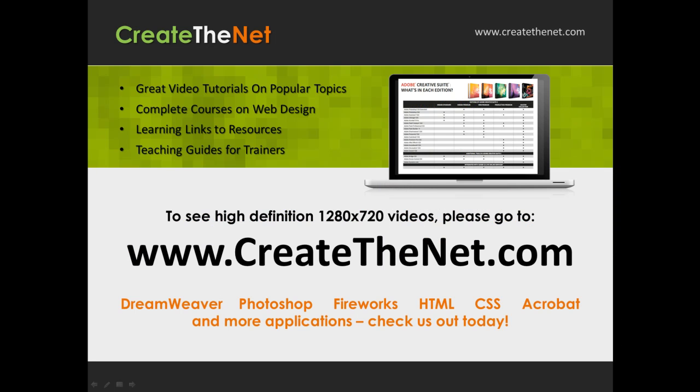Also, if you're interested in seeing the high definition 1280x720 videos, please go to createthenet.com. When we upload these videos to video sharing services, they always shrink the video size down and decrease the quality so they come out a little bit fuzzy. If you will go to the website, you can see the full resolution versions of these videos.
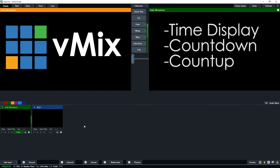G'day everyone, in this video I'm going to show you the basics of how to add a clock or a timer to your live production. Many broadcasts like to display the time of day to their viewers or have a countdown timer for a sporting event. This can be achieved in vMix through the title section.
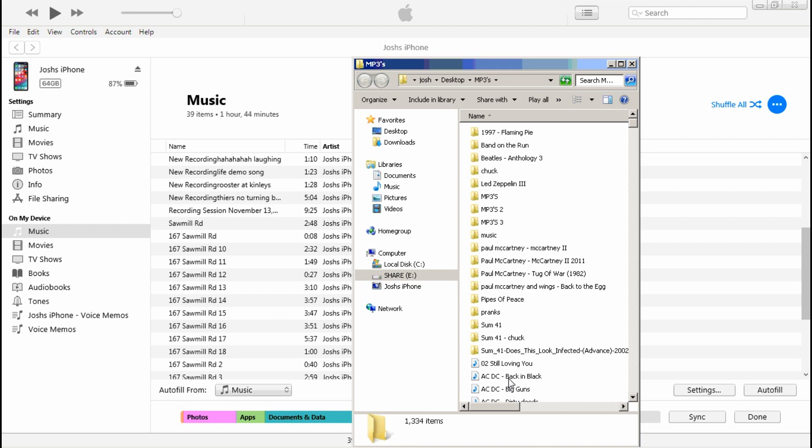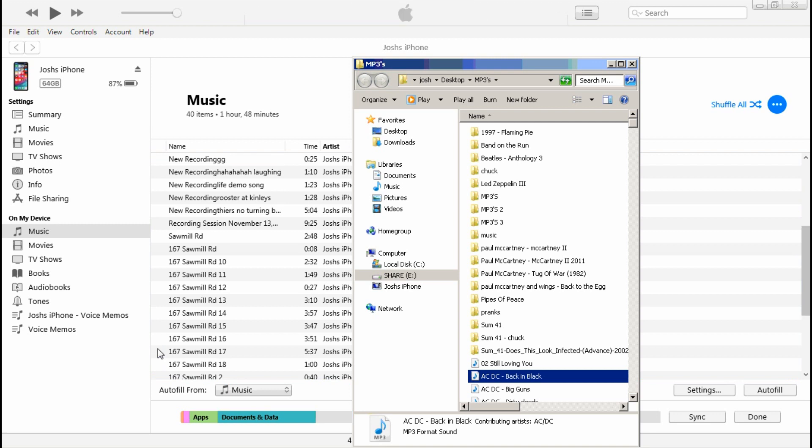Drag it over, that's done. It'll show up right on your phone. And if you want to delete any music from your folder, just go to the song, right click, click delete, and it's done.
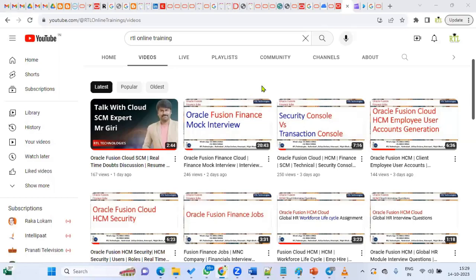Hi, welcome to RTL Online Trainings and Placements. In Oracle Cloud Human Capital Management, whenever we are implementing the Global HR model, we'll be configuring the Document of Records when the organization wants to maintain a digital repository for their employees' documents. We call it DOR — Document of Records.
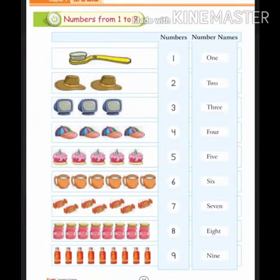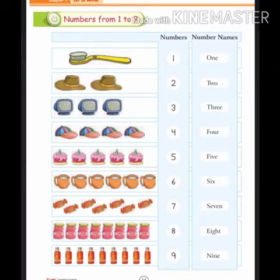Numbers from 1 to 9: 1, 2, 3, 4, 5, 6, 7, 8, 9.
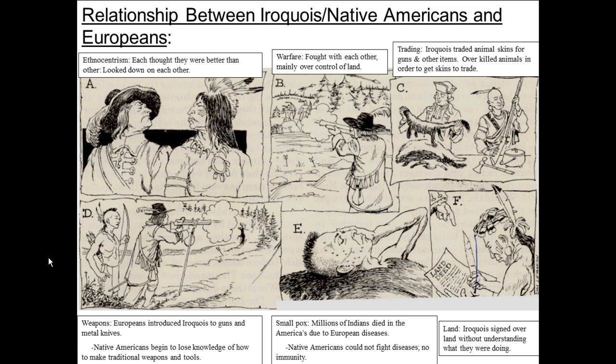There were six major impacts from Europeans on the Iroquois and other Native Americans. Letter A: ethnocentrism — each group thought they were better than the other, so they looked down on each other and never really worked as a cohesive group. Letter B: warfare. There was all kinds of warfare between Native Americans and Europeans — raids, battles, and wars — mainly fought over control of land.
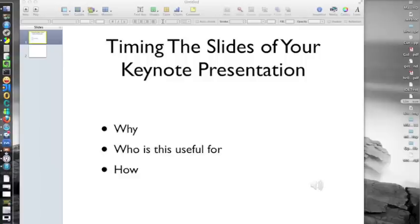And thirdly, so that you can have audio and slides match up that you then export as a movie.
******
Exercise
Please write out all the entries above again exactly as they appear, skipping any images.

Your solution
Also, if you're interested in seeing the high definition 1280x720 videos, please go to createthenet.com. When we upload these videos to video sharing services, they always shrink the video size down and decrease the quality so they come out a little bit fuzzy. If you will go to the website, you can see the full resolution versions of these videos.
G'day everyone, in this video I'm going to show you the basics of how to add a clock or a timer to your live production. Many broadcasts like to display the time of day to their viewers or have a countdown timer for a sporting event. This can be achieved in vMix through the title section.
Drag it over, that's done. It'll show up right on your phone. And if you want to delete any music from your folder, just go to the song, right click, click delete, and it's done.
Hi, welcome to RTL Online Trainings and Placements. In Oracle Cloud Human Capital Management, whenever we are implementing the Global HR model, we'll be configuring the Document of Records when the organization wants to maintain a digital repository for their employees' documents. We call it DOR — Document of Records.
Numbers from 1 to 9: 1, 2, 3, 4, 5, 6, 7, 8, 9.
There were six major impacts from Europeans on the Iroquois and other Native Americans. Letter A: ethnocentrism — each group thought they were better than the other, so they looked down on each other and never really worked as a cohesive group. Letter B: warfare. There was all kinds of warfare between Native Americans and Europeans — raids, battles, and wars — mainly fought over control of land.
And thirdly, so that you can have audio and slides match up that you then export as a movie.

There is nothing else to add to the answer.